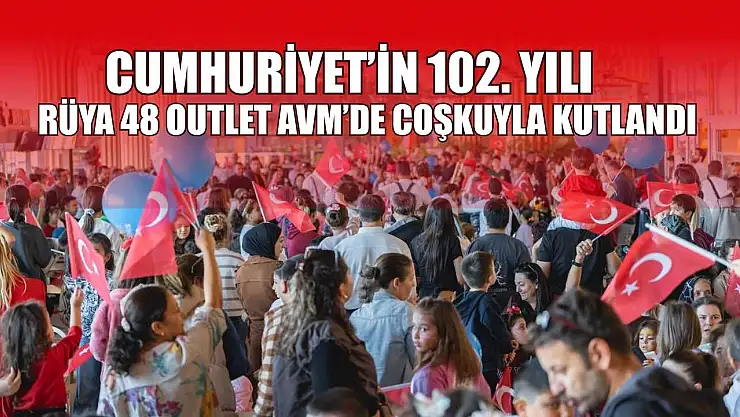 Cumhuriyet'in 102. yılı Rüya 48 Outlet AVM'de coşkuyla kutlandı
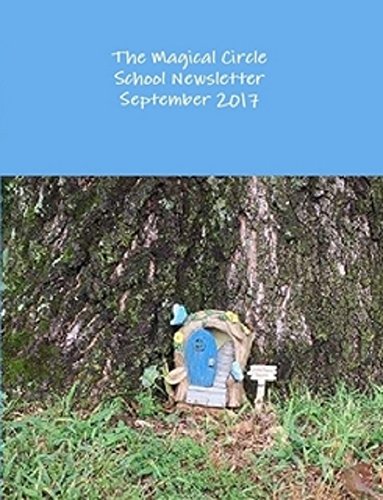 The Magical Circle School Newsletter September 2017 (English Edition)
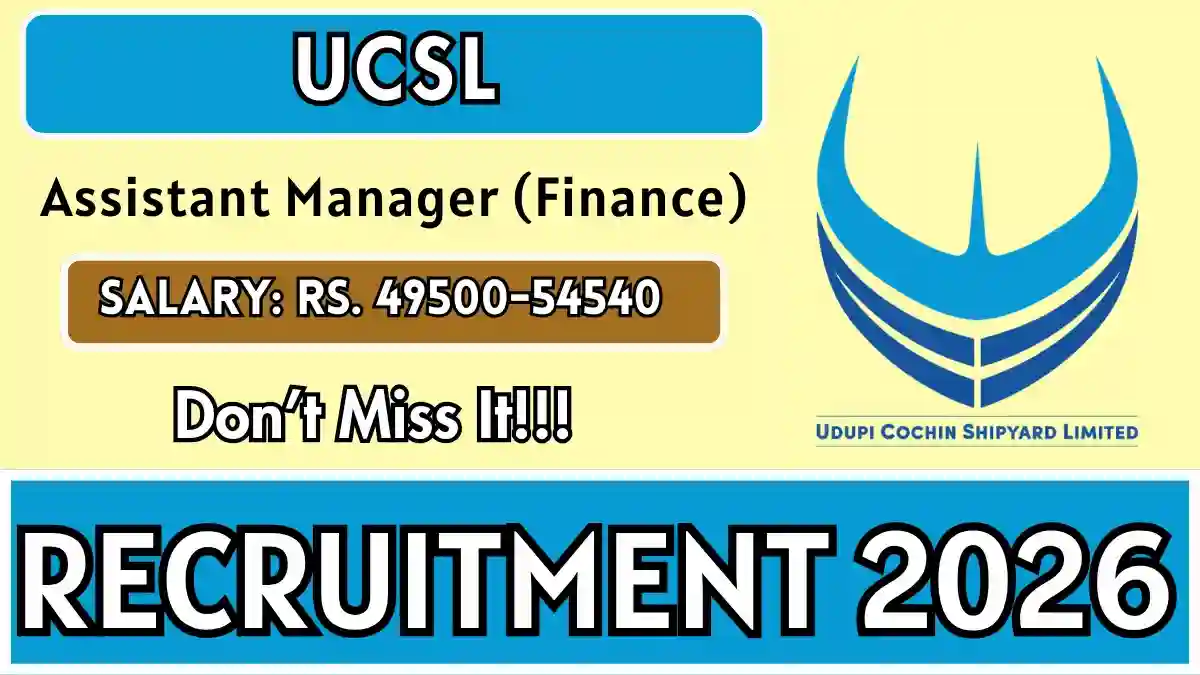 UCSL Assistant Manager (Finance) Recruitment 2026 – Apply Online UCSL Assistant Manager (Finance) Recruitment 2026 – Apply Online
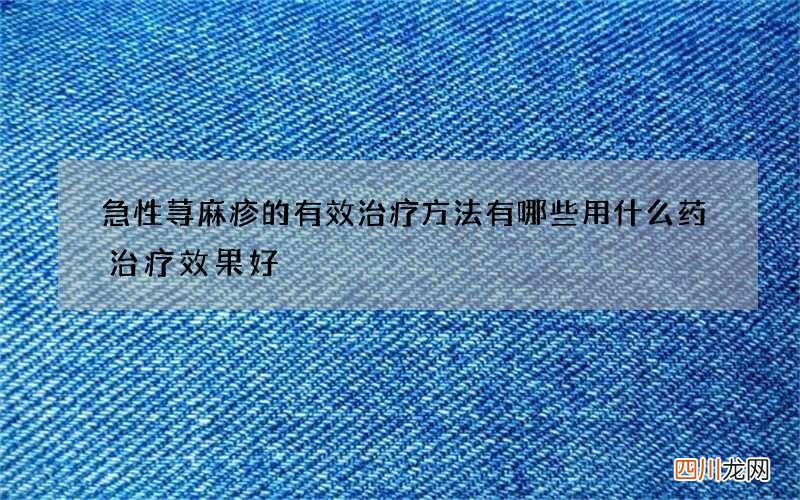 急性荨麻疹的有效治疗方法有哪些 用什么药治疗效果好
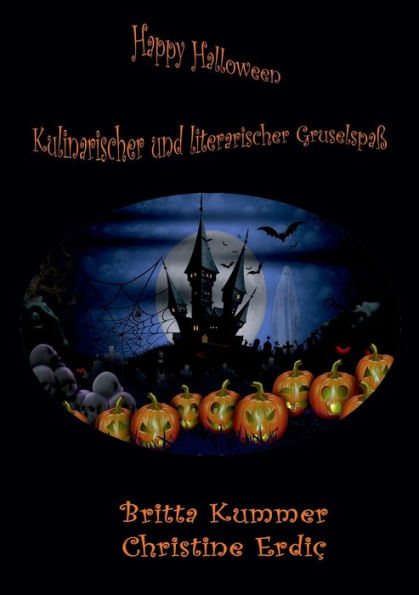 Happy Halloween - Kulinarischer Und Literarischer Gruselspaß (German Edition)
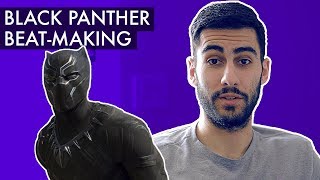 Making A Beat Out Of BLACK PANTHER Movie Sounds!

[YOUR ASSIGNMENT] Repeat the line containing "急性荨麻疹的有效治疗方法有哪些 用什么药治疗效果好" and every line after it up to the end of the material above, exactly as they stand, minus the pictures.

[REPLY TO THE EXERCISE]
 急性荨麻疹的有效治疗方法有哪些 用什么药治疗效果好
 Happy Halloween - Kulinarischer Und Literarischer Gruselspaß (German Edition)
 Making A Beat Out Of BLACK PANTHER Movie Sounds!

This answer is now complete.